Work instructions: Beginning with the line below that contains "Alternative recipe for" and ending with the line that contains "Футболки в стиле", retype every line exactly. Pictures are not copied.

Data provided:
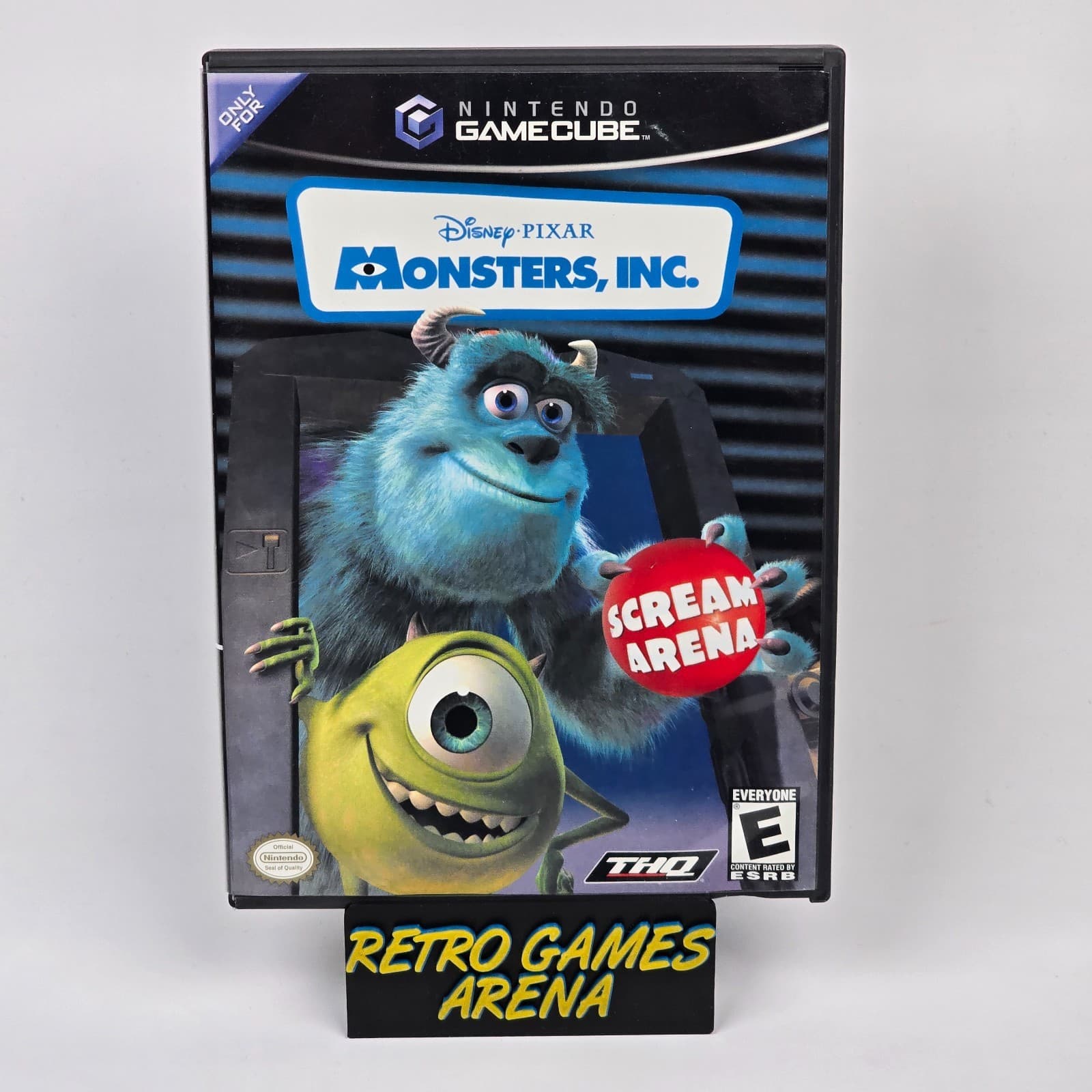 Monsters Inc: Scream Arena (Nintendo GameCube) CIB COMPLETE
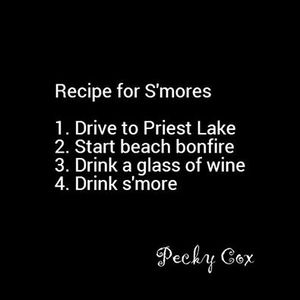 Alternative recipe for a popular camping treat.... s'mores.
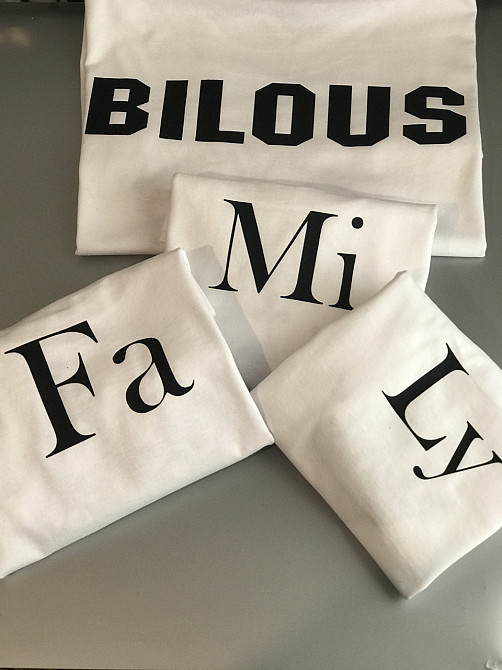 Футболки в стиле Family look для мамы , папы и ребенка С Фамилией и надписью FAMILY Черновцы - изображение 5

* * *

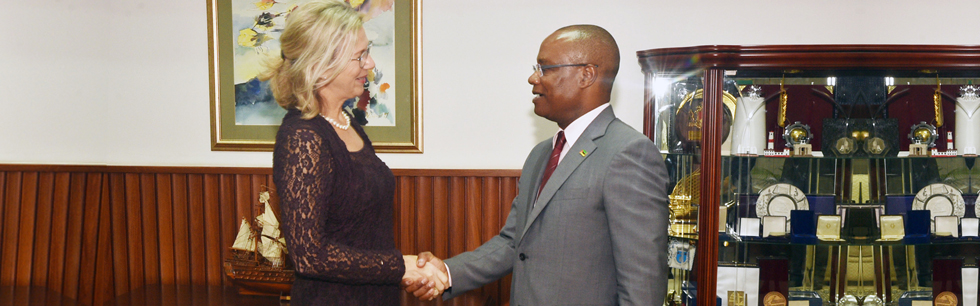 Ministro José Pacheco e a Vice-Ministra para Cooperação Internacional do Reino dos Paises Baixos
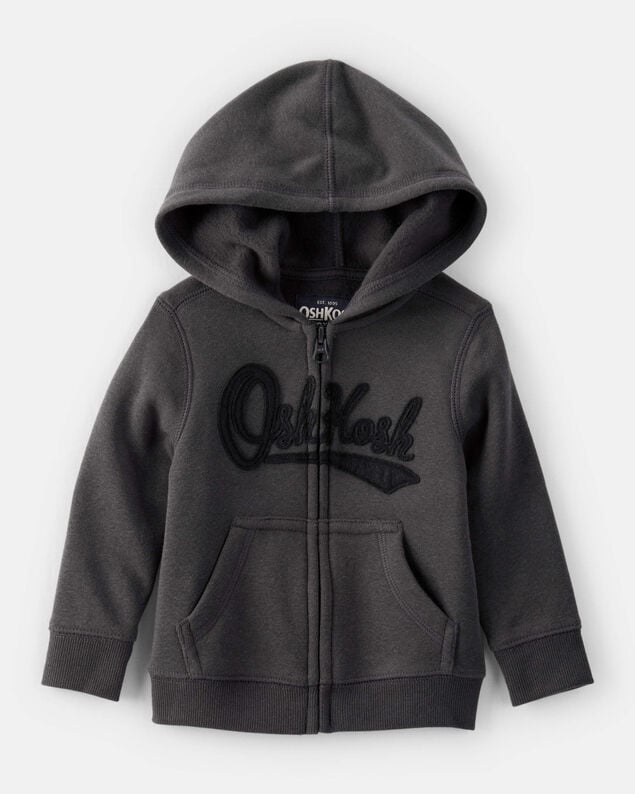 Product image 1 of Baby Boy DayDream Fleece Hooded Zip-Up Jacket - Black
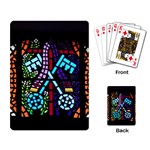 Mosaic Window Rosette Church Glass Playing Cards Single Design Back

--

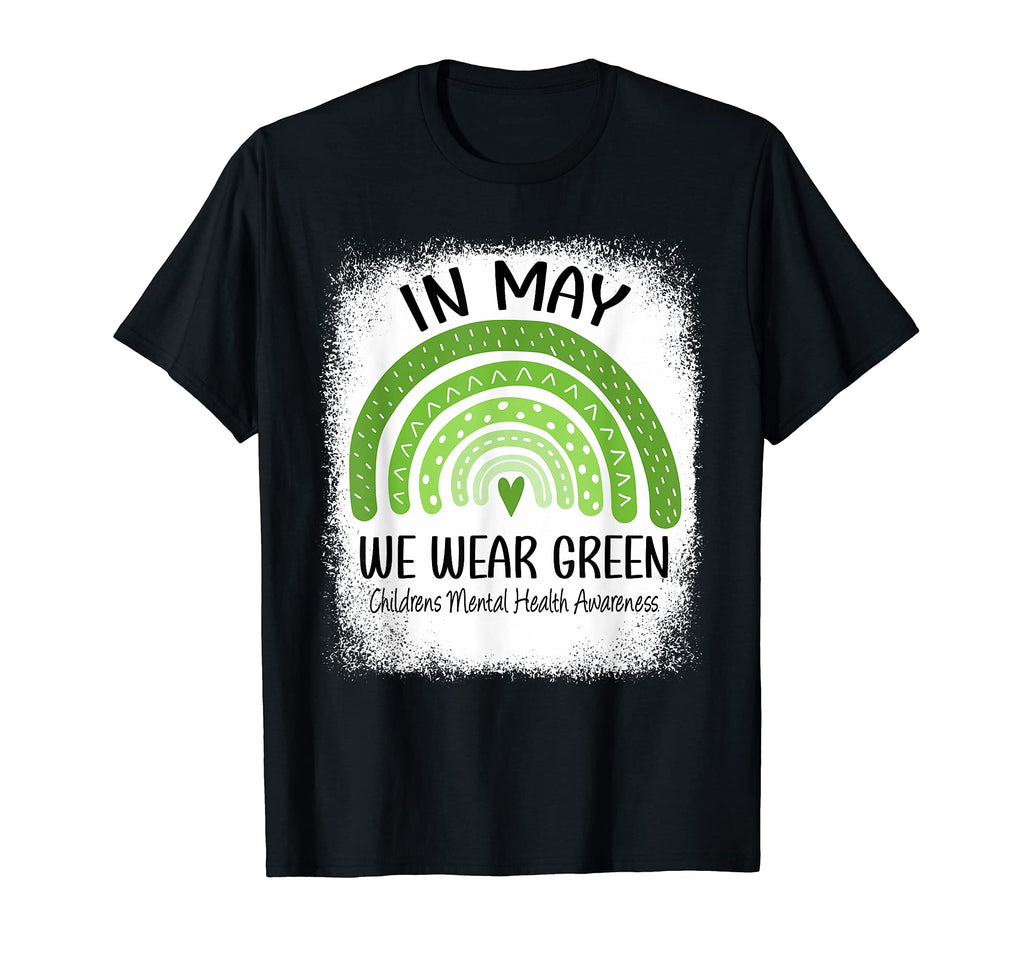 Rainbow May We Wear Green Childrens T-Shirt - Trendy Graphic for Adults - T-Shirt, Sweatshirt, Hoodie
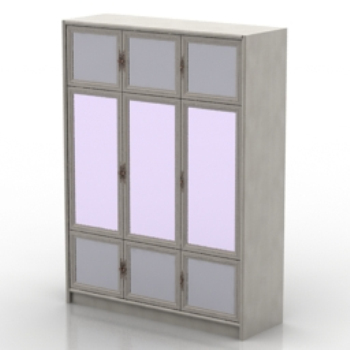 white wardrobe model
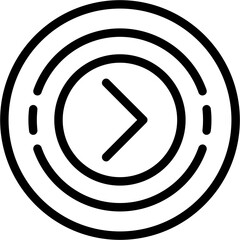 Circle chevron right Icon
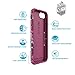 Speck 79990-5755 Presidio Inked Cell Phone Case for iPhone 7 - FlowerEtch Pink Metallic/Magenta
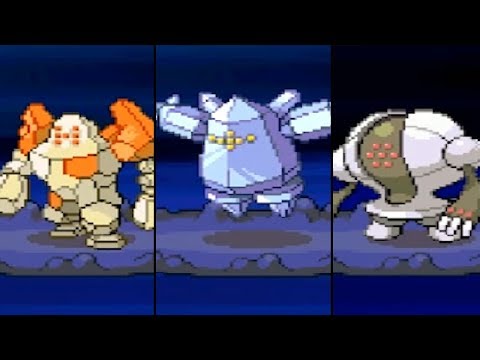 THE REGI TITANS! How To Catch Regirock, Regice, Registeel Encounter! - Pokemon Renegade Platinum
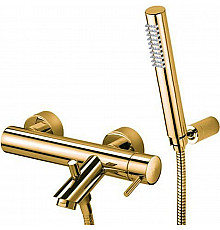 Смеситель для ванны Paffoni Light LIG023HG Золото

Written answer:
 Alternative recipe for a popular camping treat.... s'mores.
 Футболки в стиле Family look для мамы , папы и ребенка С Фамилией и надписью FAMILY Черновцы - изображение 5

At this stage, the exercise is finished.